The trouble with URL shorteners
Lately I've been spending some time thinking about URL shorteners. The interest arose over a recent weekend as I sent someone shortened URLs to a couple of sites, that I had bookmarked a few years ago. I'd inadvertently bookmarked the shortend links rather than the long URLs, and my reciepient complained that they couldn't read the content I'd sent them. Some investigation later, I realized that their mail system may have been blocking the URL. In addtion, one of my other shortened links had 'expired'. The short URL no longer worked. That sparked off a series of technical explorations that are now the subject of this blog post, and the next few to follow.
A brief history of link shortening
Wikipedia reveals that TinyURL was the first link shortener, created by Kevin Gilbertson in 2002, to link directly to newsgroup postings that had long and cumbersome URLs. URL shorteners are now a ubiquitious feature of Internet, and in particular the social media landscape. Twitter would be almost unusable without them.
But as Joshua Schachter, the founder of Delicious, pointed out in a blog post, circa 2009, URL shorteners cause a number of problems. In that post, Schachter identified three parties involved in the creation of a shortened link: the reader who clicks on the short link, the intermediary who hosts the short link on their site, and the publisher of the long link to which the short link points. There are two other players implicit in the link interaction: the creator of the short link, and the URL shortening service itself.
With the exception of the last participant, the url shortening service, the other partcipants who rely on a shortened link suffer in some way. And and since 2009, the list woes to those participants has grown longer. But some solutions have also emerged, along with stronger reasons to use URL shorteners.
Problems with URL shorteners
Shortened URLs usually remove any context about what the destination links contain. This fact is often used by spammers to fool the reader into clicking on irrelevant links, or worse, links that contain material that would be pornographic or, in some way illegal in the reader's jurisdiction. As a consequence, readers cannot a priori trust a short link.
Degradation of browsing performance
The insertion of an intermediate link that introduces a redirection, adds several DNS lookups and HTTP round trips to the process of fetching the content of a page. Sometimes,there are several layers of link shorteners, because multiple entities want to track click-throughs on a link. This can slow down link traversal by an order of magnitude or more, compared to clicking on the original long URL.

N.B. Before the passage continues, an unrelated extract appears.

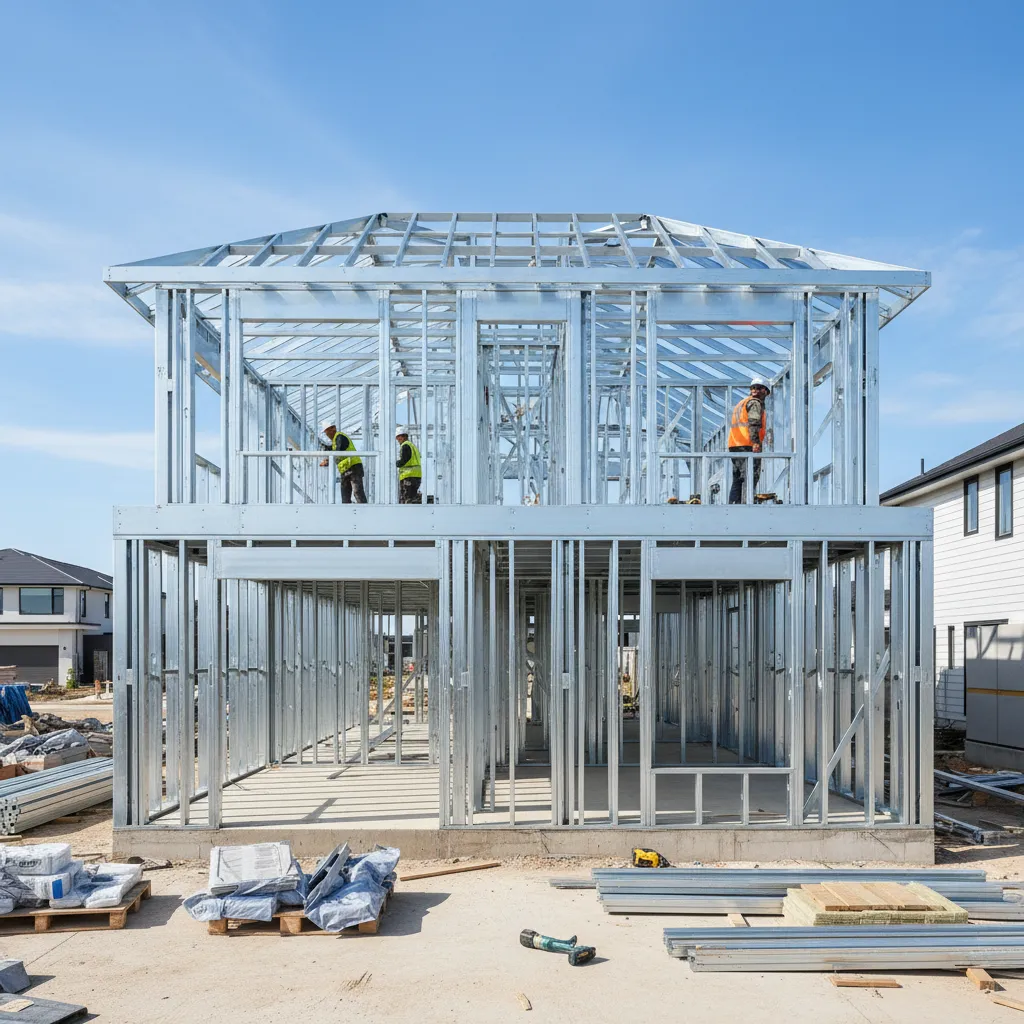 Estructura de acero galvanizado de una casa en construcción con sistema steel framing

One of the key innovative leaps of Tim Berners Lee's World Wide Web, was that, unlike hypertext systems that preceeded it, and the focus of academic research of that era, the Web made no attempt to resolve the problem of broken links. It just side-stepped the issue. Hence the famous 404, Not found error. If a link died, the content associated with that link just disappeared. But most links did not die during the lifetime of their use. So the fact that eventually every link would break because the entity serving that URL would cease to exist, did not matter most of the time. The URL shortener unfortunately, dramatically compounds the problem of entity death. Now, not only are you, the reader, susceptible to losing content when the original link ceases to be served, you also lose your content when your URL shortener ceases to function (and this happens with surprising frequency.) If you are unfortunate enough to have multiple URL shorteners in your path the chances of link breakage are much higher.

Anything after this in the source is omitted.